A matemática do amor: Tuta e Regininha

A matemática do amor: Tuta e Regininha

O arraial de Aparecida realizado sempre no mês de setembro, em Manaus, era um lugar onde namoros às vezes começavam, às vezes terminavam. Naquele ano de 1969, jovens desfilam alegremente pra cima e pra baixo, paquerando, sem dar a mínima bola para a notícia que sacudia todo o país: o sequestro do embaixador americano no Brasil, Charles Elbrick. De repente, Tuta bate o olho num brotinho que não conhece. Seu coração faz tuc-tuc-tuc. Naquele momento, tem certeza absoluta: – “É ela”. Era ela, que passeava com a Raimunda Roroca, amiga dos dois. Ele, muito enxerido:

– Não vai nos apresentar?

Roroca, com aquele sotaque encantador do Pará:

– Reginin-nha, Tuta! Tuta, Reginin-nha!

Os dois jogam conversa fora. Tuta, pintoso, pergunta se ela gosta de dançar. Regininha, uma uva, confessa que adora músicas de Nelson Gonçalves. Combinam ir ao próximo baile na SAGA – Sociedade Atlética Guarda de Aparecida. Tuta se despede e vai direto ao “Serviço de Amplificação A Voz Quermesse de Aparecida”. Conta o dinheiro: NCr$ 1,00 (um cruzeiro novo). Dá para pagar um “telegrama no ar”. Minutos depois, Zeca Pinto anunciava no alto falante:

– Para você que está passeando neste arraial vestindo saia plissada azul e blusa branca de organdi de mangas arredondadas, alguém oferece a música “Êxtase”, de Nelson Gonçalves. Assinado: você já sabe quem é.

Abelha na flor

Enquanto toca a música, Tuta vai até a pracinha do Bingo, onde está Regininha. Ambos se entreolham e trocam piscadelas cúmplices e centelhas enamoradas no exato momento em que os últimos versos explodem no gogó do Nelson Gonçalves:

– E assim, como faz na flo-oor qualquer abelha / sugarei tua boca vermelha / num beijo espetacular.

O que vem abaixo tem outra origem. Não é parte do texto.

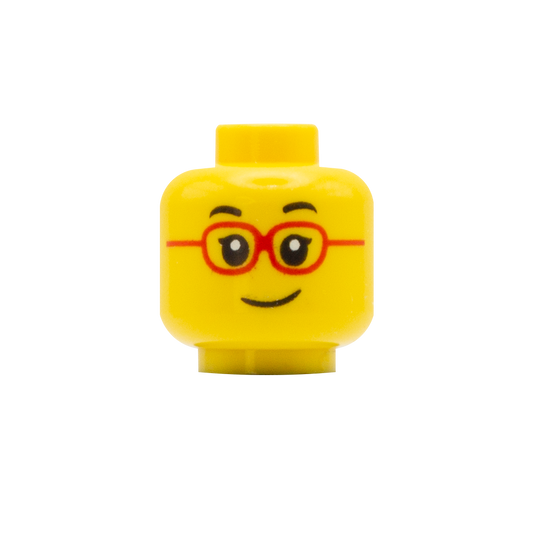 Red Glasses Slight Smile - LEGO Minifigure Head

O primeiro beijo que a abelha sorveu foi furtivo. Aconteceu no baile da SAGA. Teve de ser escondido, porque tinha uma pedra no meio do caminho: dona Maristela, mãe da Regininha. E que pedra! Ela não gostava de polinização e nem queria que aquela semente de amor brotasse, alegando duas razões: “Tuta tem um irmão comunista” e, além disso, “o tio dele, que era padre, deixou a batina e virou crente”. A Roroca orientou Regininha:

– Manin-nha, dizem que o papa abençoou o ex-padre. E essa história de irmão comunista, qualquer cristão que seja contra a injustiça social e a exploração é chamado de comunista. Os ricos usam a palavra “comunismo” para assustar e enganar os bobinhos e impedi-los de lutar contra os privilégios e a opressão. Não acredite no fantasma do comunismo.

O último adeus

Esses argumentos foram usados para convencer a futura sogra. Restava apenas a timidez de Regininha, mas Dile, irmã do Tuta, namoradeira que só, ajudou:

– Maninha, tu me ensina a fazer renda, que eu te ensino a namorar.

Regininha, além de mulher rendeira, era exímia artesã. Fazia, entre outras obras, arranjos de mesa muito requisitados. As lições de namoro deram certo. O casal de artistas, enfim, se matrimoniou em 1974. Ele imitou Nelson Gonçalves e cantou para ela os versos finais de “Êxtase”:

– Depois quero ouvir-te desvairada / dizer quase alucinada / nunca mais vou te deixar.

Os dois viveram grudados durante 47 anos. Eram professores e se apoiaram mutuamente. Regininha encantada com os quadros pintados por Tuta e ele com os arranjos artísticos dela. Tiveram um casal de filhos, duas netas, um neto e até uma bisneta.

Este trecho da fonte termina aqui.